The last thing I will say about Fatephur Sikri is that in the notes Jennifer took from the Blue List, its remote location was supposed to make it not very touristy but short of the Taj it was maybe the most touristy place I’ve been here. There is a free area where an active mosque resides and there are beggar kids everywhere and super aggressive touts.

Two funny incidents: one guy asked where I was from, then proceeded to ask how many rupees his 1.40 euros was worth. I told him about 85 and he then started putting them on my lap and bartering! “Ok, you give me 85! No? Ok, 80! 80! Ok, 70! I do you favor! 60! 60! OK!”

All the while I am telling him that I don’t live in Europe and therefore can’t use (his dubious) euros but Indian touts may be the worst listeners I have come across. They simply motormouth along telling you how they are your friend and how they are helping you buy souvenir for your mom, sister, girlfriend, aunt, neighbor (insert other English word they know for a relative or friend), culminating with “back home you can sell for twice this price!!”

It took some strong words with this fella until he understood the next time that euro was on my lap I was going to throw it over the fort wall. He muttered something nasty and walked off.

The second was the guy who wanted me to visit his shop and when I lied I had no money left from my earlier purchase, he left me alone. Five minutes later he approaches me again and tells me he’ll let me give him my watch in exchange for some marble elephant. It took a “piss OFF” for this guy to get it. Thankfully these are the first two times I have needed to be rude with a tout or vendor in the 10 days I have been here.

I am, however, getting better at buying stuff. One small victory was my purchase of two marble tealight holders. The first price was 600 rupees each (~$14). I walked off with two for 500 rupees – nice!!

To survive here; no, really, to enjoy India, one must be comfortable with lying pathologically. Nobody is telling you the truth and if you tell them the truth it’s like playing with your cards face up. To succeed in navigating unimpeded, a crafty string of stories or the occassional “no hablo english” is required (worked like a charm by the way – the tricky part is making your facial expressions match pretending you don’t understand English questions). I went so far yesterday at a crafts store that I denied Jennifer’s existence and said my mom had been killed in a car accident to get out of buying something!

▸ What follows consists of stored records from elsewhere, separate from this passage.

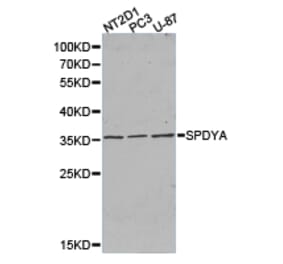 Anti-SPDYA Antibody from Bioworld Technology (BS6810) - Antibodies.com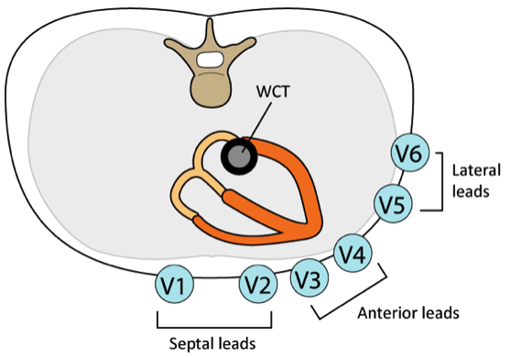 <p>Precordial (V1–V6) leads</p>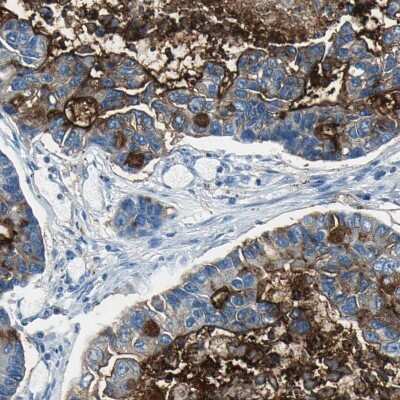 Immunohistochemistry-Paraffin: MUC4 Antibody [NBP1-86505]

It’s not really their fault though. The truth is that they exploit Western customs of patience and politeness. If I felt no guilt in getting up and walking out or giving people the finger more often I could achieve the same but it isn’t natural for me.

Something I have always respected about vFive-Rob’s Peruvian temperament is his instant willingness to be confrontational when necessary. Westerners hate confrontation. Think about any female friend and how long she has let a rift simmer amongst her friends without confronting and resolving it (if she ever does). Lying, in this case, is easier, works well and is more fun. This lets me feel like we are playing a game rather than defending an attack. :)

Without getting into a diatribe here, the last thing I want to touch on is the condition for animals here. Everyone knows that the cow is a sacred animal here to Hindus. They wander freely in the streets, fields, and yes, even Platform 2 of the Agra Cantonment train station. Due to the large Muslim population, pigs are treated the same way.

So what does “holy” mean for a sacred animal? It means they spend all day dodging traffic and foraging among human trash before someone throws them a banana each night. Look at this pig: he is gnawing on a mungy suitcase in a field of trash (Fatehpur Sikri is just out of frame). Thank god that poor thing isn’t in a feedlot getting three square meals a day and veterinary care until his time comes to be turned into chops and bacon! Remind me to send in my PETA donation tomorrow so more animals can live this liberated lifestyle!!!

2 Responses to ““Amazing means unbelievable””

  1. Roberto Says:

    Your bargaining stories remind me of Indonesia — outside of the lux and high end hotels/services/shops, nothing had a real price, including what seemed like legitimate tour/transport outfits. After a while we just adopted a “win-some, lose some” attitude, getting ripped off every once in a while, and watching others get ripped off (and feeling better about ourselves for paying less for the same thing) at others. We debated long and hard about when to lie.

    With a bit more finesse, a lot of the guys involved in the overcharging + commission games could do very well. A little more discipline and they could overcome their achilles heel (the desperate sales-pitches and overeager stares) and cash in less frequently but pulling in more each time. What happened to getting ripped-off in a professional and friendly manner?

  2. Brian Says:

    I agree… the harder they try to sell the more leverage you have as the buyer but I think what they count on (and what others have explained to me) is that they buy something to simply get out of the situation. That’s the point behind my reference to your willingness to confront… most people would rather cough up some money and run away with their tails between their legs than stand up for themselves and at a minimum just say no.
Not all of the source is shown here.